Task requirements :: Your answer should hold the data exactly as given, minus any picture.

Given data ::

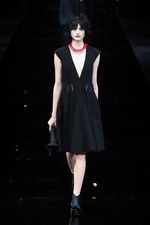 エンポリオ アルマーニ 2015-16年秋冬コレクション - 溶け合うカラーで魅せるエレガンス｜写真32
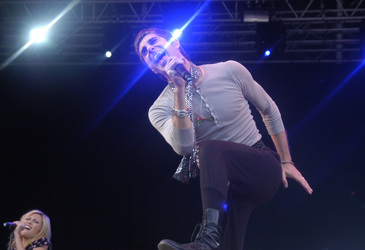 Etty Lau Farrell, Perry Farrell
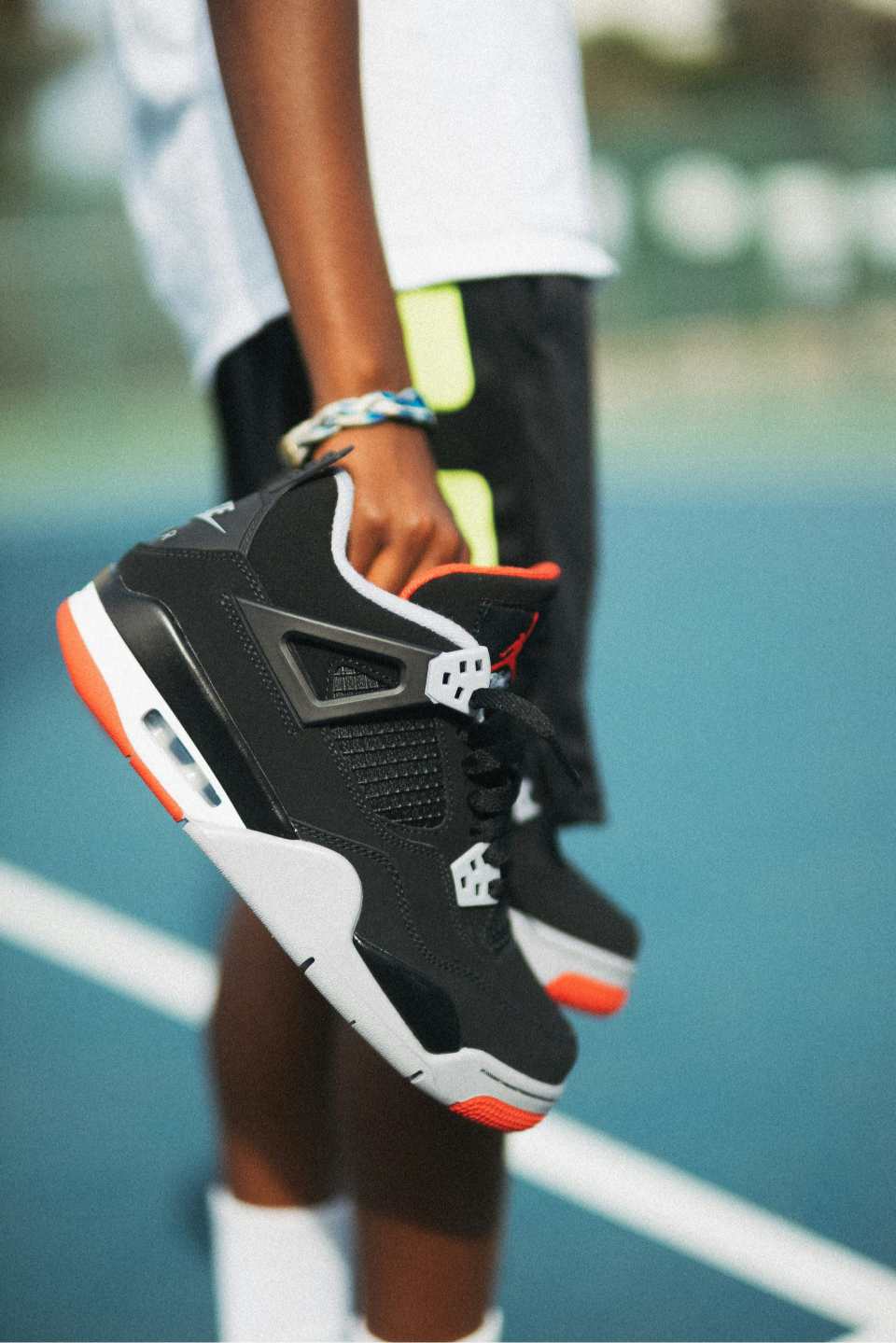 paire de Air Jordan 4 noires et blanches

Solution for this problem ::
 エンポリオ アルマーニ 2015-16年秋冬コレクション - 溶け合うカラーで魅せるエレガンス｜写真32
 Etty Lau Farrell, Perry Farrell
 paire de Air Jordan 4 noires et blanches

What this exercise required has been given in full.